De dood. Praat erover, niet eroverheen. Dat is de huidige slogan van Sire, de Stichting Ideële Reclame. Volgens Sire praat ruim 1 op de 3 mensen nooit over de dood. Terwijl het volgens hen juist waardevol is om samen bij de dood stil te staan, erover te praten en elkaar erbij te helpen. Het gesprek aangaan verbindt en verrijkt. Dat laatste hoop je, maar is niet vanzelfsprekend. Het is namelijk vooral belangrijk hoe je over de dood praat.
Het slechtnieuwsmoment
Op dat moment komt je wereld tot stilstand. Het begon veel eerder uiteraard. Je voelde iets in je lijf, iets dat anders was en er niet hoorde. Je kijkt het eerst even aan. Misschien gaat het vanzelf weer weg. Maar het gaat niet weg en jouw zorgen nemen toe. Toch maar de huisarts bellen, die verwijst door naar de specialist en na een hele serie onderzoeken komt eindelijk de zekerheid: een kwaadaardige tumor met uitzaaiingen. Vanaf dat moment ben je patiënt. En dat moment vergeet je nooit meer. Het verandert je leven: hoe je naar het leven kijkt, naar jezelf, naar de mensen om je heen, je werk, je plannen. Alles is opeens ingrijpend anders.

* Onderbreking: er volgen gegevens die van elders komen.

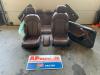 Audi A6 (C7) 2.8 V6 24V FSI Bekleding Set (compleet)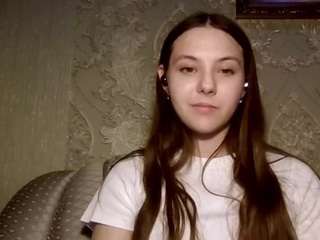 anneliesedeaguero live cam profile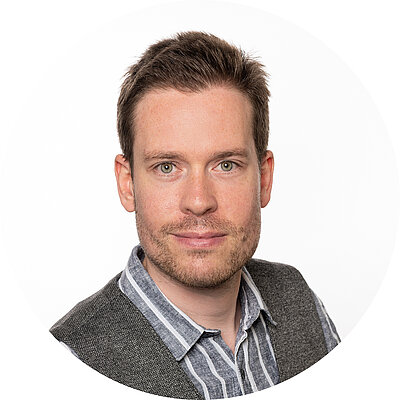 Ole Uhtenwoldt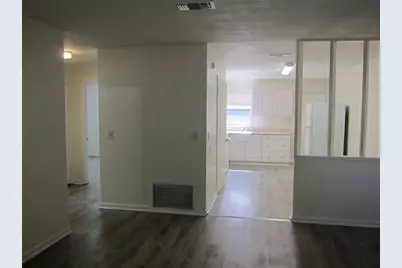 37 NE 21st Terrace #B, Gainesville, FL 32641 - Photo 7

Het kost tijd om een slechtnieuwsbericht te verwerken. Het moet landen. Als de specialist je de koude douche meedeelt, kun je van schrik helemaal van de kaart zijn. Je ziet zijn mond nog wel bewegen, maar wat hij zegt dringt niet meer door. Ga dan ook niet alleen naar zo’n gesprek, maar neem iemand mee die jij vertrouwt. Twee horen meer dan een. En als de boodschap geland is komen de vragen: valt er iets aan te doen? Zo ja, waar is de behandeling dan op gericht? Kan ik weer beter worden, of is er alleen sprake van levensverlenging en vermindering van klachten?